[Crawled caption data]
↓↓↓

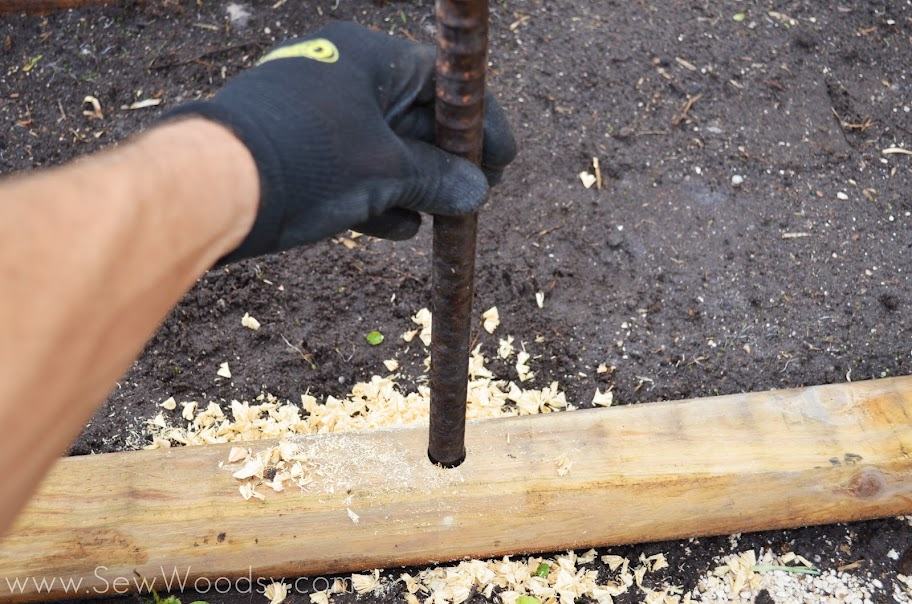 Hand with a black glove placing rebar into wood hole.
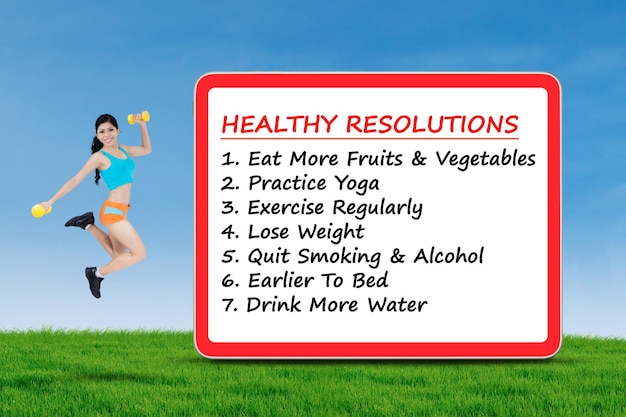 Photo athlete and the list of healthy resolutions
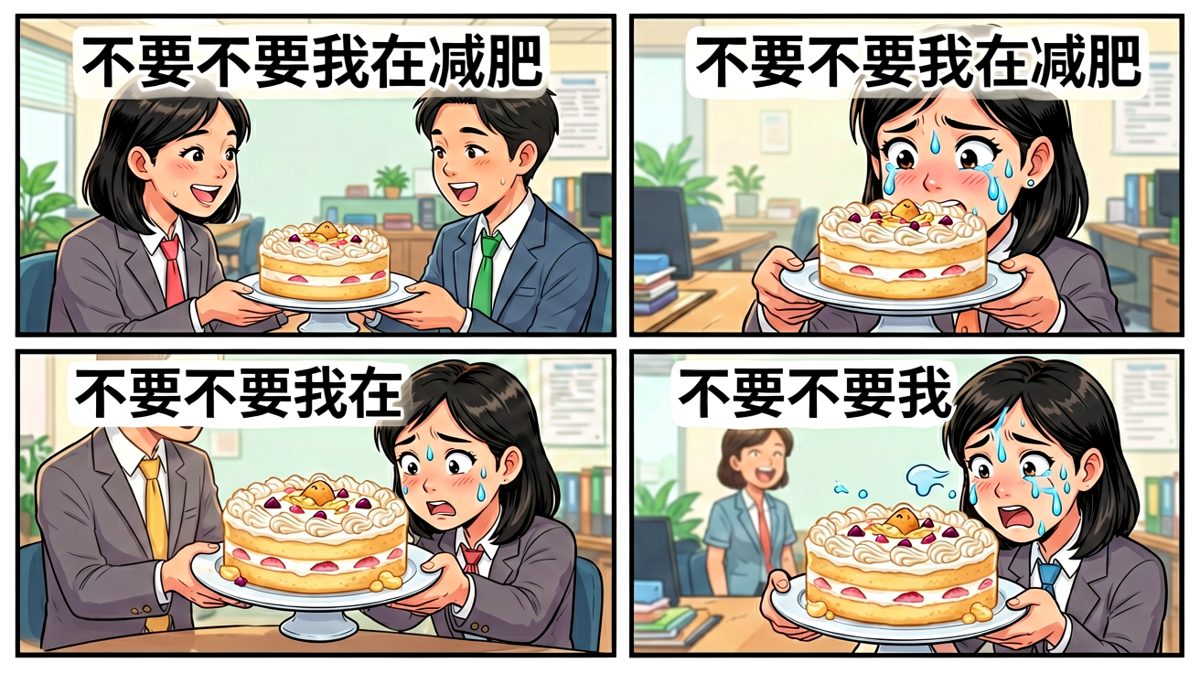 同事送蛋糕，意志力开始动摇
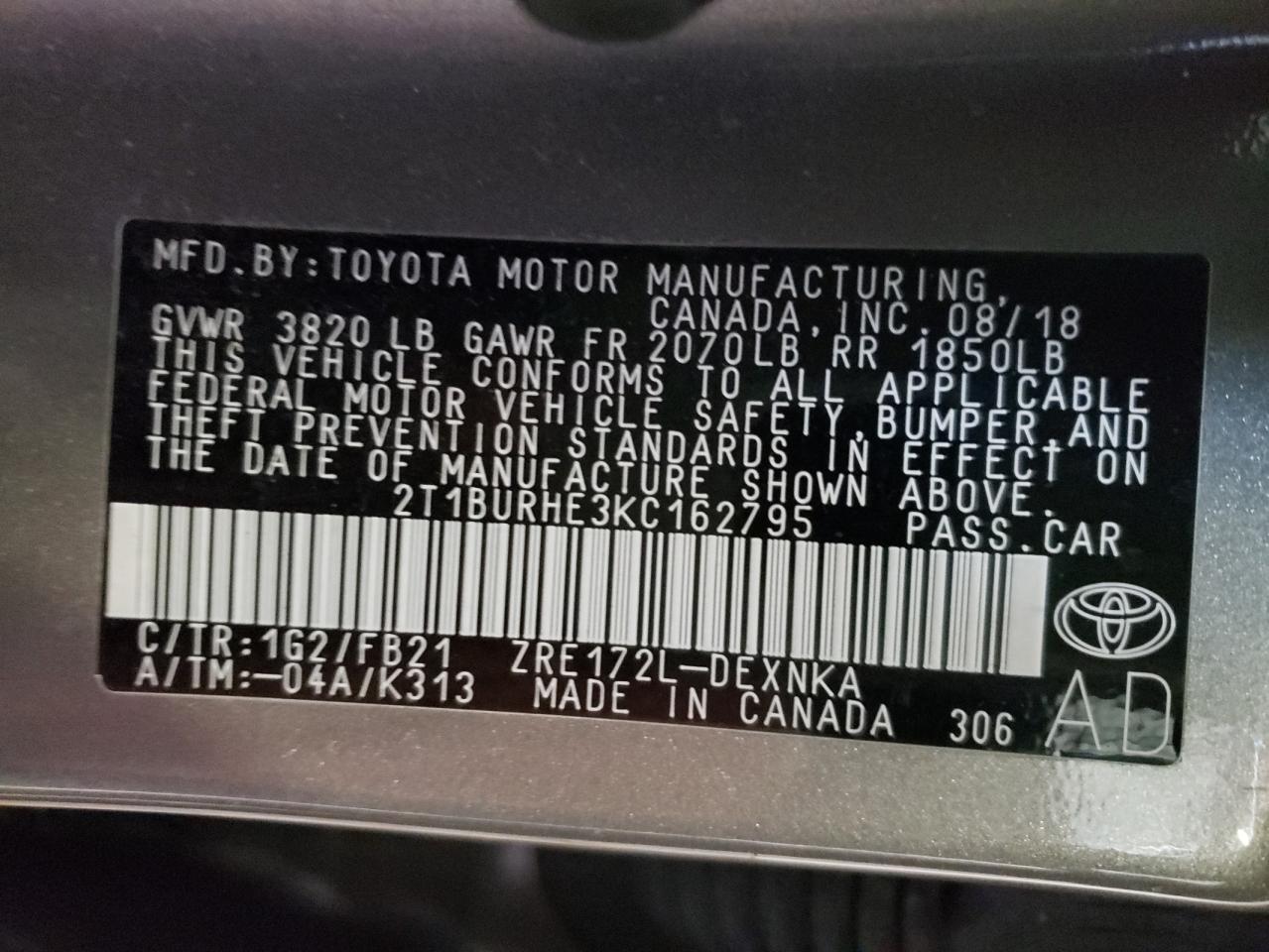 Photo 10 from auction – 2019 TOYOTA COROLLA L with VIN 2T1BURHE3KC162795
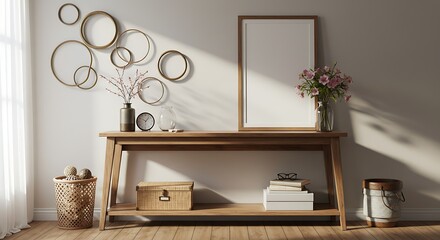 Wooden Console Table with Decor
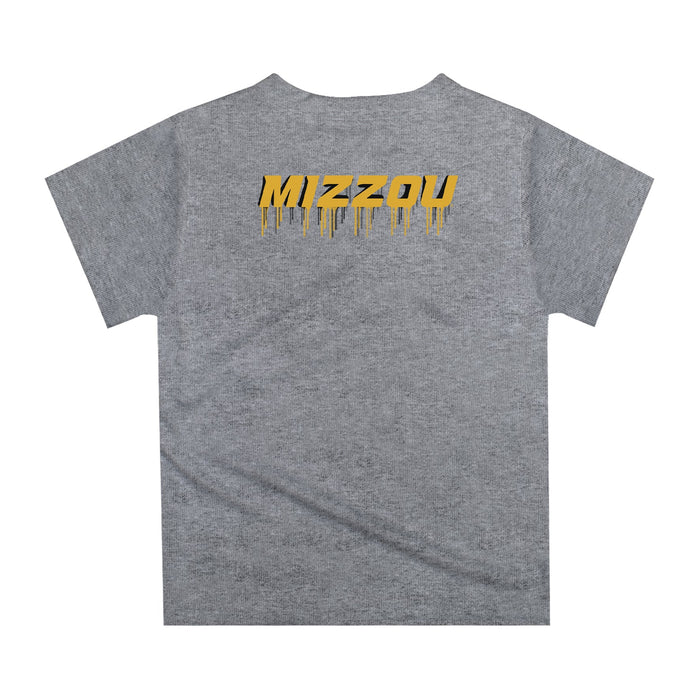 Missouri Tigers MU Original Dripping Football Helmet Heather Gray T-Shirt by Vive La Fete - Vive La Fête - Online Apparel Store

↑↑↑

_What you need to do_:
Copy the entries above verbatim. Pictures do not belong in the copy.

_Response to the exercise_:
 Hand with a black glove placing rebar into wood hole.
 Photo athlete and the list of healthy resolutions
 同事送蛋糕，意志力开始动摇
 Photo 10 from auction – 2019 TOYOTA COROLLA L with VIN 2T1BURHE3KC162795
 Wooden Console Table with Decor
 Missouri Tigers MU Original Dripping Football Helmet Heather Gray T-Shirt by Vive La Fete - Vive La Fête - Online Apparel Store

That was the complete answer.